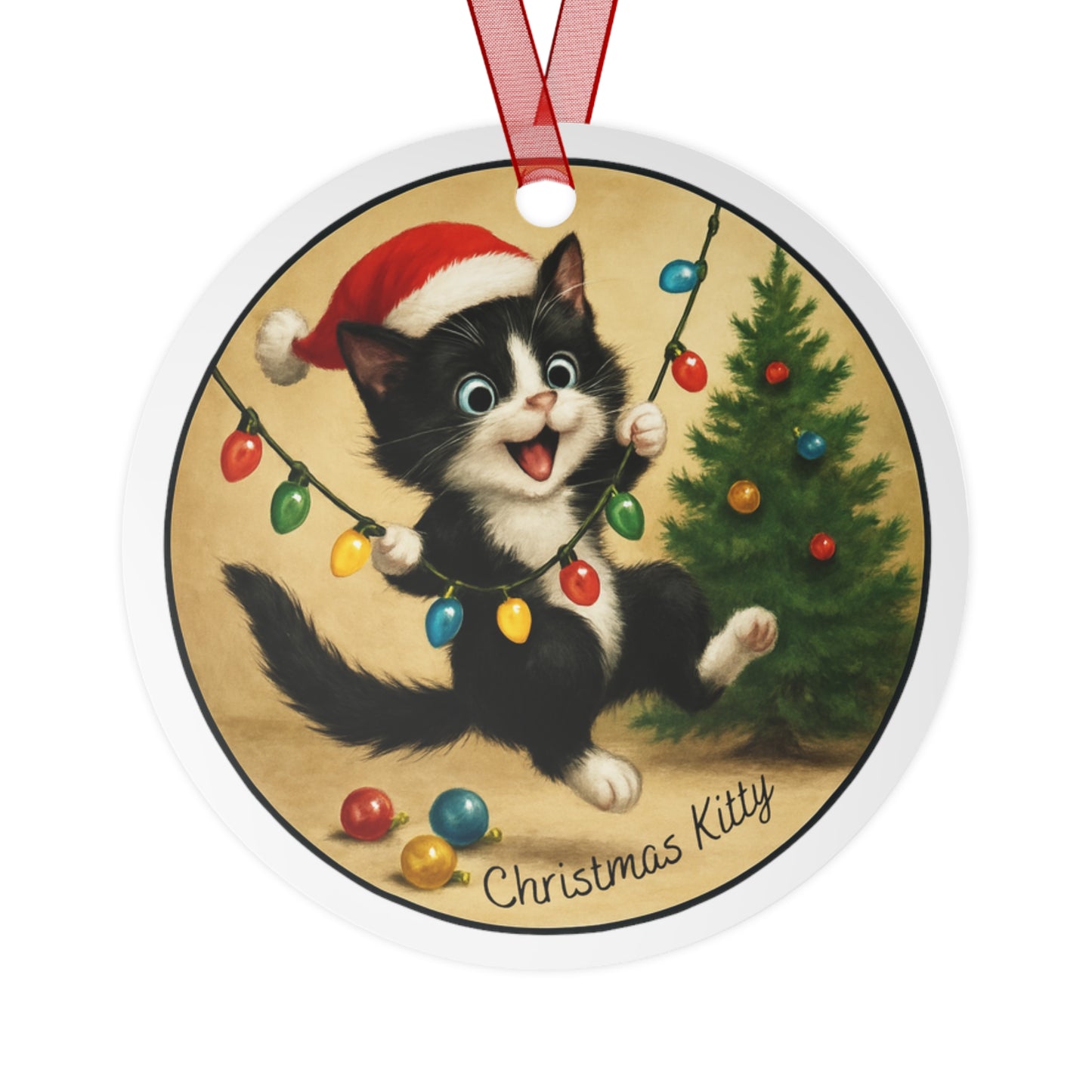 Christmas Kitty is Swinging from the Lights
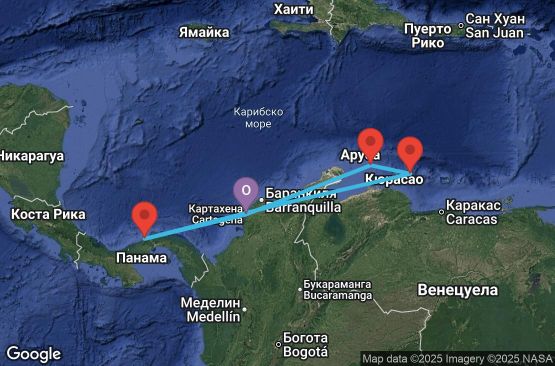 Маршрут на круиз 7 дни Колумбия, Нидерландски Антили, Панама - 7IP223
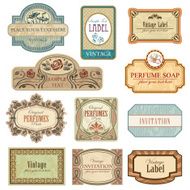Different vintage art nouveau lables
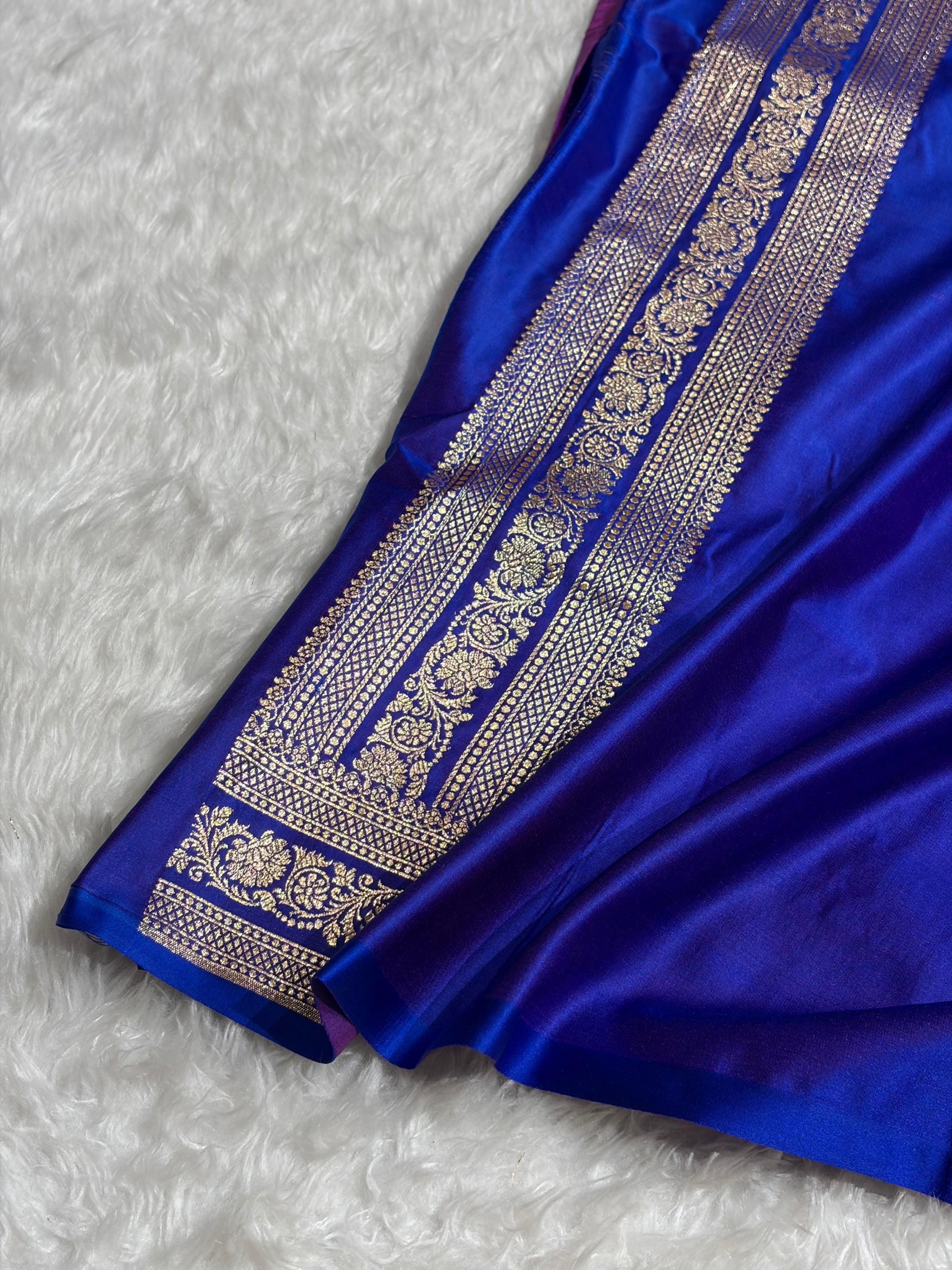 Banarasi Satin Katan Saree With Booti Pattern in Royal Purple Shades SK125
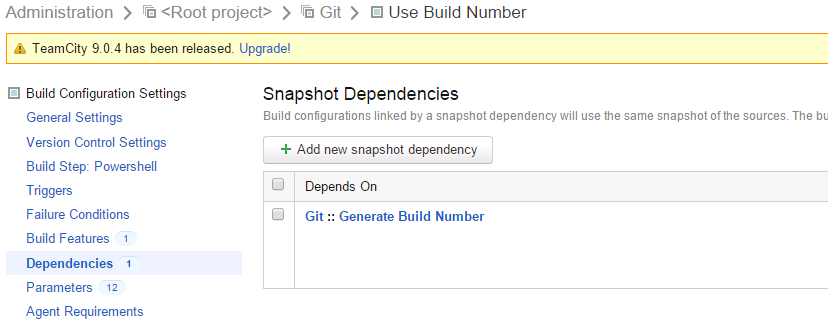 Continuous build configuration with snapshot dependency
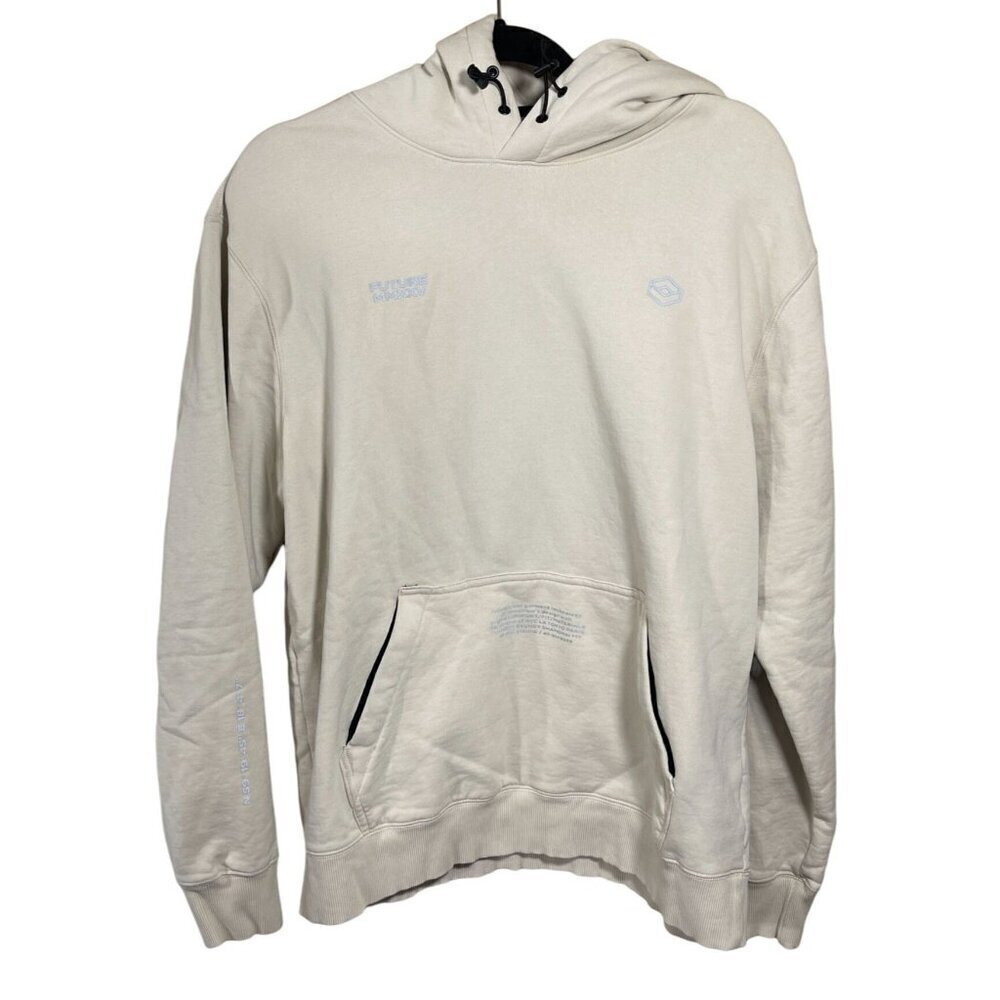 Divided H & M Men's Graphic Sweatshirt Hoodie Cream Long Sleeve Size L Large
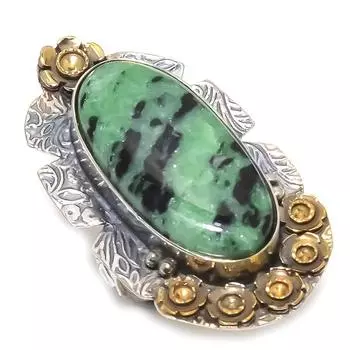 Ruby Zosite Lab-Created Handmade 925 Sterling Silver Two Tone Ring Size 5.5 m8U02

**WORK REQUEST**
Go back to the records above and write them out exactly, without the pictures.

**TASK OUTPUT**
 Christmas Kitty is Swinging from the Lights
 Маршрут на круиз 7 дни Колумбия, Нидерландски Антили, Панама - 7IP223
Different vintage art nouveau lables
 Banarasi Satin Katan Saree With Booti Pattern in Royal Purple Shades SK125
 Continuous build configuration with snapshot dependency
 Divided H & M Men's Graphic Sweatshirt Hoodie Cream Long Sleeve Size L Large
 Ruby Zosite Lab-Created Handmade 925 Sterling Silver Two Tone Ring Size 5.5 m8U02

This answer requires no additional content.